BYC members in Massachusetts?

They have a no-spill feeder in the coop that's always full with dry feed as is, and in addition to that, when I have time, I bring them a bowl of that same feed mixed with water, until it reaches the clumpy consistency of wet sand. For some reason they LOVE that and eat it like it's treats :lol: I make it with cold water in the summer, to help them cool off, and with hot water in the winter, so it's steamy warm by the time I take it out and it can help them warm up from the inside. Not that they really need it - they are wrapped in down coats - but I imagine it must feel nice on a cold morning. This is my way of giving them "treats" without actually giving them treats and compromising their nutrition. It's our hangout time - I sit with them, they eat it out of my hands, then they hang out with me and we have a nice chat about life.
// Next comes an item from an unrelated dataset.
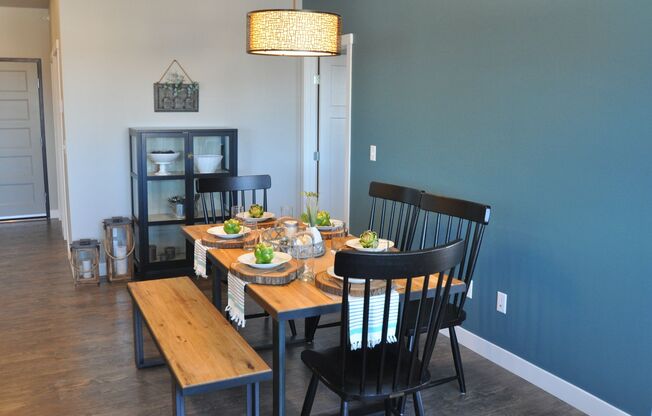 3 beds, 2.5 baths, $2,395, Unit 343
Love the idea of cold and hot for the weather. I look forward to hand feeding and chicken philosophy :)
 
Hello neighbors. I live in the shadow of Gillette stadium. I have only bought feed from Ventura. You see their trucks delivering feed to farms on 495, 95 and rte 24. I find it fresh, the people great and my dog loves to visit them. The chick starter is very fine. But the chicks only get that for about 4 weeks. Then grower until they are all laying. When the hens are in laying season, I feed layer pellets. For the winter, I switch them to Game bird pellets. This has worked well for me and the girls. YMMV.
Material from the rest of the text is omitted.